Presentation information

[J] Poster

A (Atmospheric and Hydrospheric Sciences ) » A-AS Atmospheric Sciences, Meteorology & Atmospheric Environment

[A-AS05] Atmospheric Chemistry

Sun. Jun 6, 2021 5:15 PM - 6:30 PM Ch.07

convener:Tomoki Nakayama(Graduate School of Fisheries and Environmental Sciences, Nagasaki University), Naoko Saitoh(Center for Environmental Remote Sensing), Sakae Toyoda(Department of Chemical Science and Engineering, Tokyo Institute of Technology), Risa Uchida(Japan Automobile Research Institute)

5:15 PM - 6:30 PM

[AAS05-P10] Study of tropospheric CS2 photooxidation chemistry

*Yuanzhe Li1, Kazuki Kamezaki2, Sebastian Danielache2 (1.Green Science And Engineering Division, Graduate School Of Science And Technology, Sophia University, 2.Department of Materials & Sciences, Faculty of Science & Technology, Sophia University)

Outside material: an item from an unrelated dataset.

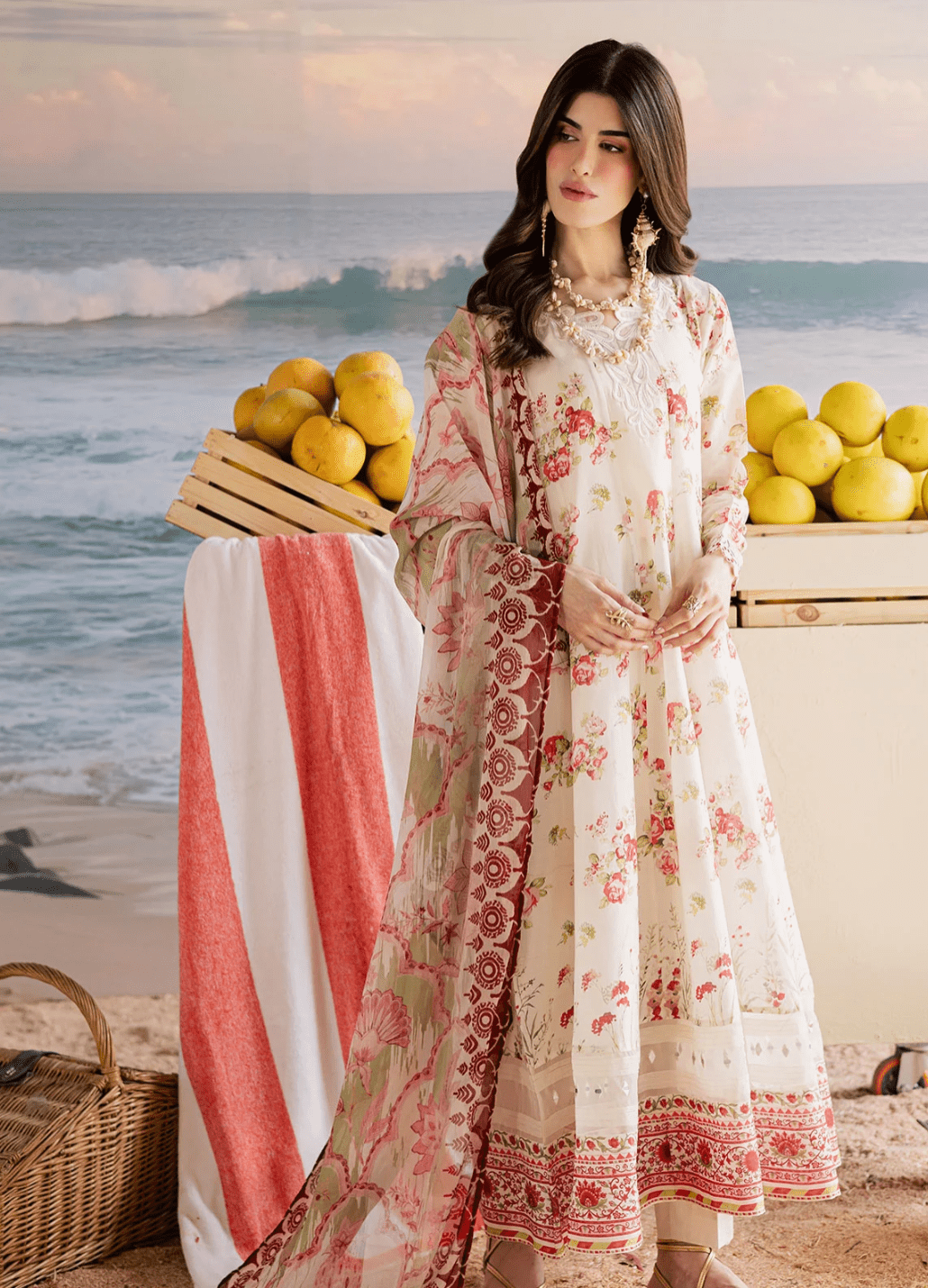 White Flower Frock - Nureh - Khushi Boutique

Keywords:CS2, Photochemistry, Modeling, PATMO, Sulfur chemistry


Carbon disulfide (CS2) is an atmospheric trace gas whose main sources in the atmosphere are from oceans and soils (Khalil et al., 1984). Anthropogenic emissions have increased in recent years, producing a strong regional distribution. CS2 is a reactive atmospheric sulfur gas, and as such it has a relatively short lifetime, ranging from a few days to half a month (Khan et al., 2017). Its oxidation end products in the atmosphere are carbonyl sulfide (COS) and sulfur dioxide (SO2). Therefore, CS2 indirectly contributes to the production of sulfate aerosols, which influence atmospheric radiative properties and stratospheric ozone depletion.

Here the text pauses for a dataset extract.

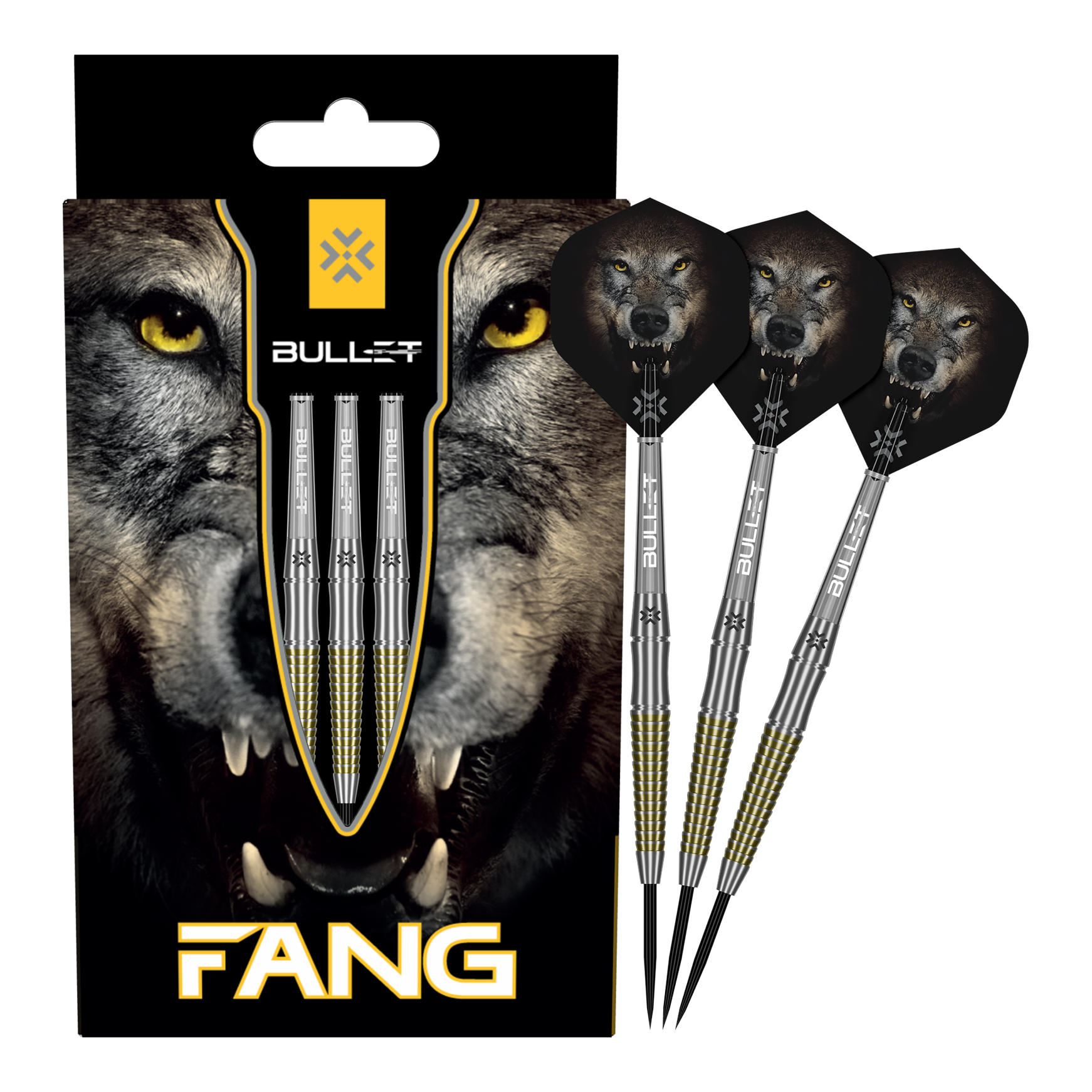 Bullet Fang steel darts Auf dem Bild sind die Bullet Fang Steeldarts komplett zu sehen. Die Steeldarts sind in voller Länge dargestellt.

The OH-initiated oxidation of CS2 in the presence of O2 is considered to be the main CS2 sink pathway. By forming an intermediate SCSOH at first, followed by a series of oxidation reactions with O2 to produce COS and SO2, this process removes 75~88% of atmospheric CS2 (Khan et al., 2017). The current literature suggests that the conversion ratio of CS2 to COS is 0.83 (Stickel et al., 1993), but this result may be underestimated because only reaction with OH radicals considered and CS2 photochemistry is neglected.

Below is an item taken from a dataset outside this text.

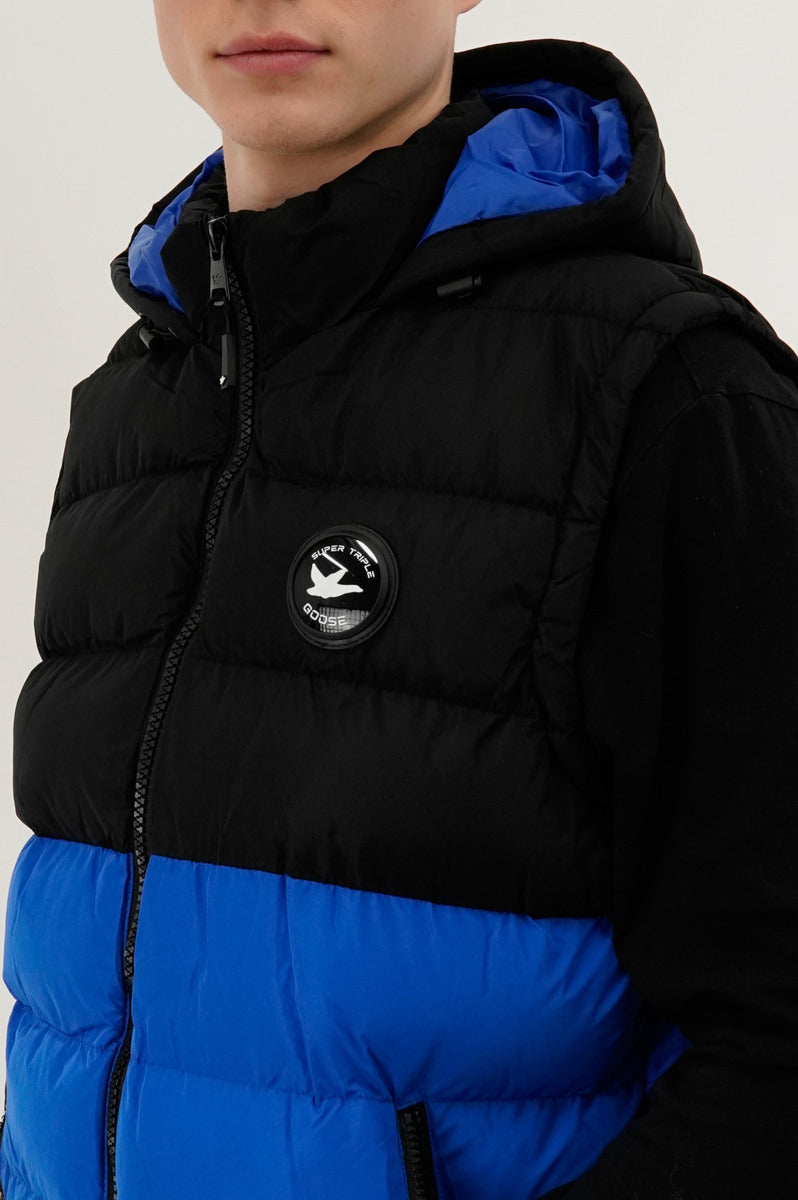 Super Triple Goose Colour Block Hooded Vest - Blue - Mens Vests - Canada Weather Gear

The mechanism of CS2 photooxidation was first proposed by Wine et al. (1981). According to the CS2 UV-Vis absorption spectrum, there is a strong absorption band at 280~360 nm, which would first photo excite CS2 from ground state to CS2(3A2) state (usually presented as CS2* state). Then the majority of CS2* particles will be de-excited into CS2 ground state molecules after collision with air molecules (N2, O2 and H2O). Because of the rapid photochemical reaction rate of CS2, a small portion of CS2* is oxidized with O2 to produce COS and SO2 during the pseudo-steady state process of continuous CS2 photo excitation reaction and CS2* quenching reaction. In addition, the solar flux spectrum in the troposphere is strong enough to trigger the above CS2 photochemistry.

In this study, an updated CS2 photochemical network is studied by a 1-D atmospheric photochemical model (PATMO). Reaction path analysis is carried out using an open-source reaction network viewer (ReNView). From the simulated result, major reduced sulfur species (CS2, COS and SO2) reproduce field measurements. When the zenith angle of sunlight is 0°, our result shows that the conversion ratio of CS2 to COS is 0.87. The reaction rate r for the net CS2 photo-induced oxidation and CS2 + OH reactions at 1 km are about 18 and 144 molecule cm-3 s-1 respectively. These results indicate that, under favorable light conditions photochemistry is a relevant tropospheric sink of CS2.


Khalil, M. and Rasmussen, R. (1984). Global sources, lifetimes and mass balances of carbonyl 761 sulfide (OCS) and carbon disulfide (CS2) in the earth’s atmosphere. Atmospheric Environment 762 (1967), 18(9):1805–1813.

Khan, A., Razis, B., Gillespie, S., Percival, C., Shallcross, D., Global analysis of carbon disulfide (CS2) using the 3-D chemistry transport model STOCHEM, Aims Environ. Sci. (2017), 4, 484–501.

Stickel, R. E. et al. (1993), Journal of Physical Chemistry, 97(51), pp. 13653–13661.

Wine, P. H., Chameides, W. L., Ravishankara, A. R., Potential role of CS2 photooxidation in tropospheric sulfur chemistry, Geophys. Res. Lett. (1981), 8, 543-546.